(Supplied information Opens)

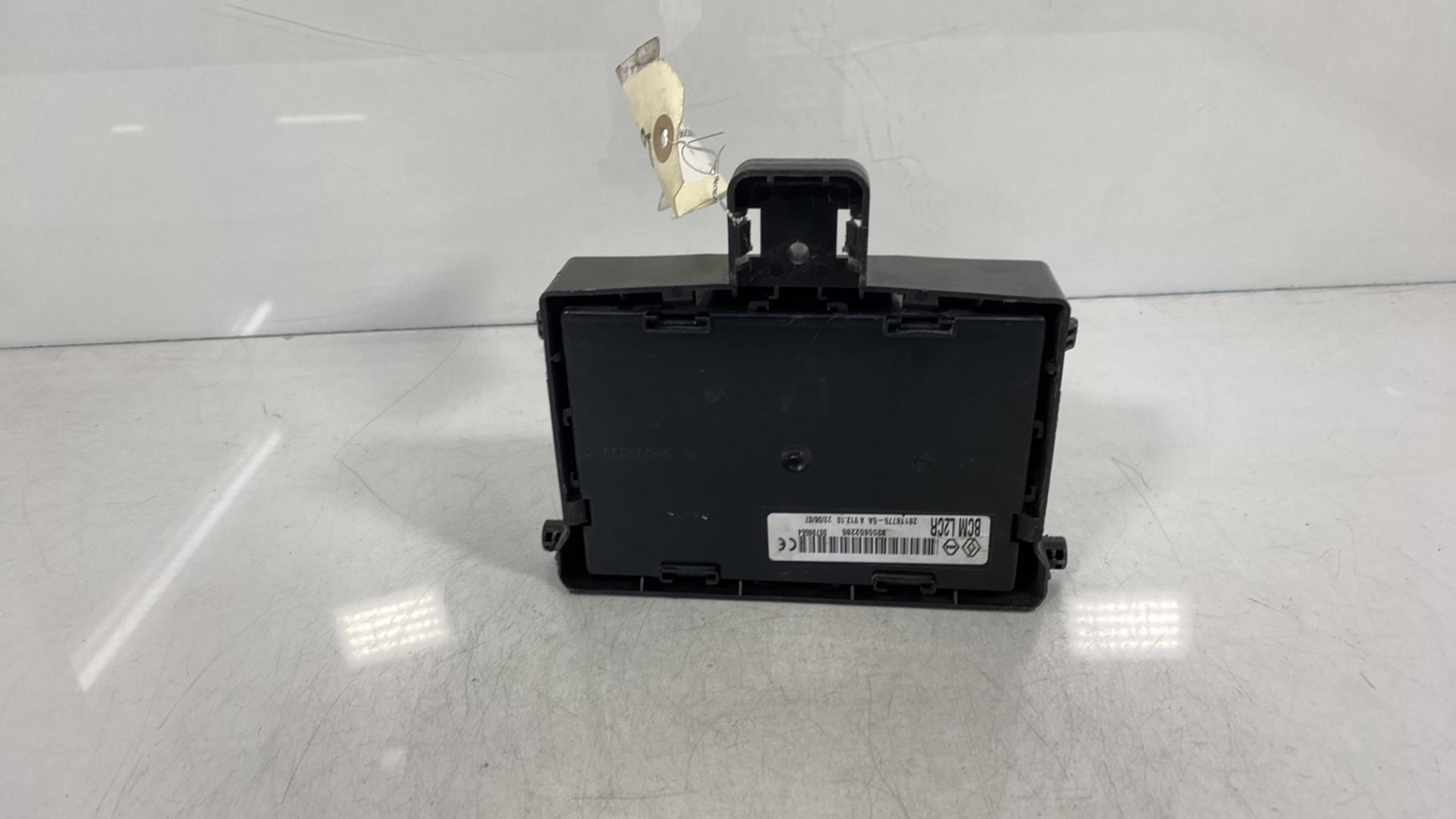 Boitier UCH RENAULT CLIO 3 PHASE 1 Diesel - 1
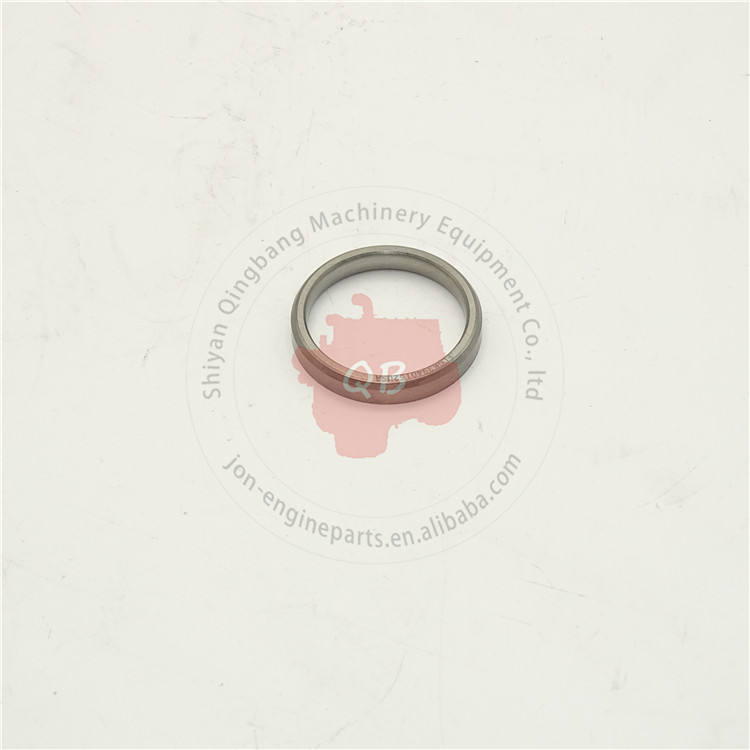Genuine Cummins diesel Engine Parts 6L Intake Valve Seat 3940152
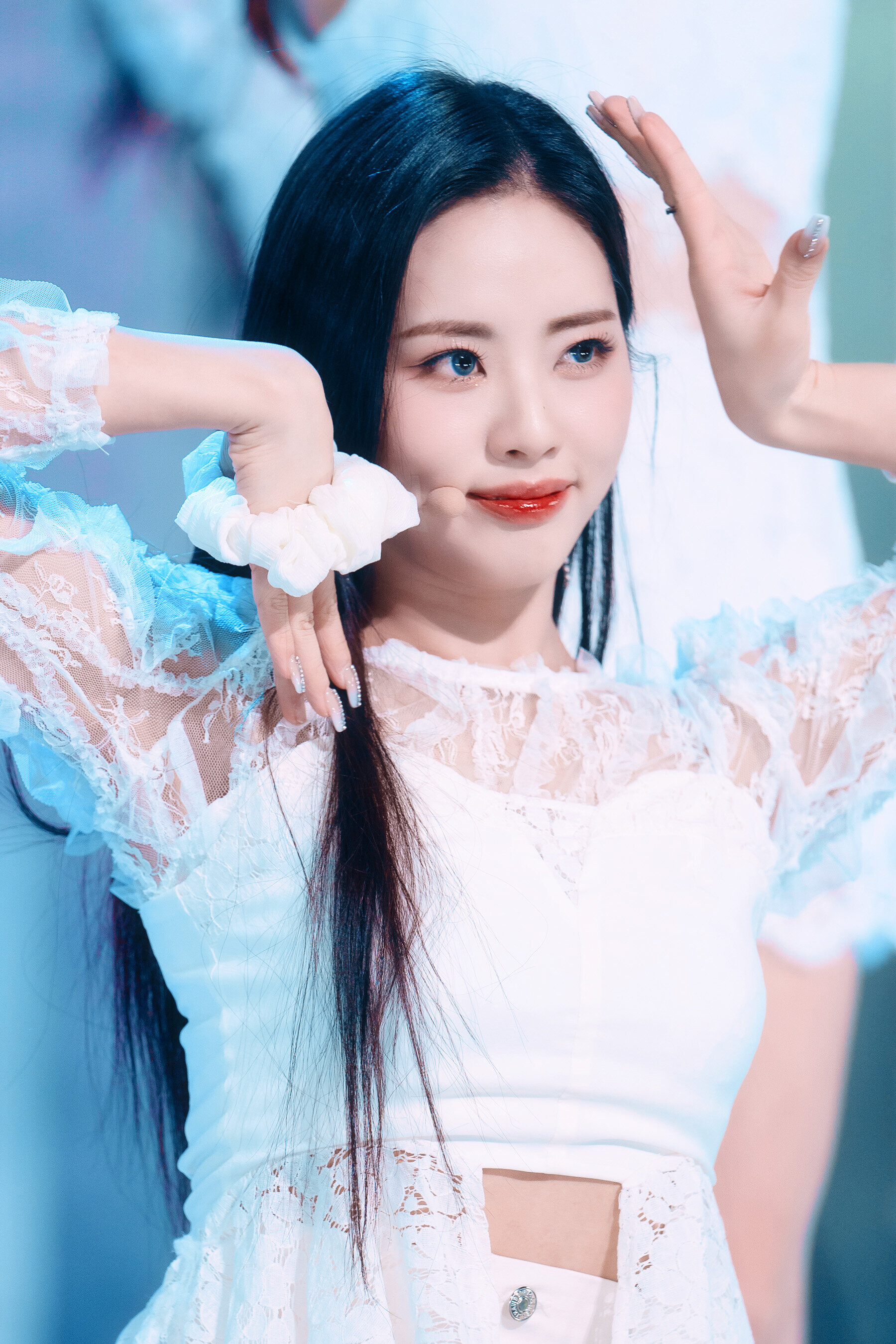 220123 fromis_9 Jiwon - 'DM' at Inkigayo | kpopping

(Supplied information Closes)

About this exercise
Every line from the one with "Genuine Cummins diesel" through the end of the material above should be restated word for word, with the pictures left out.

Your solution
Genuine Cummins diesel Engine Parts 6L Intake Valve Seat 3940152
 220123 fromis_9 Jiwon - 'DM' at Inkigayo | kpopping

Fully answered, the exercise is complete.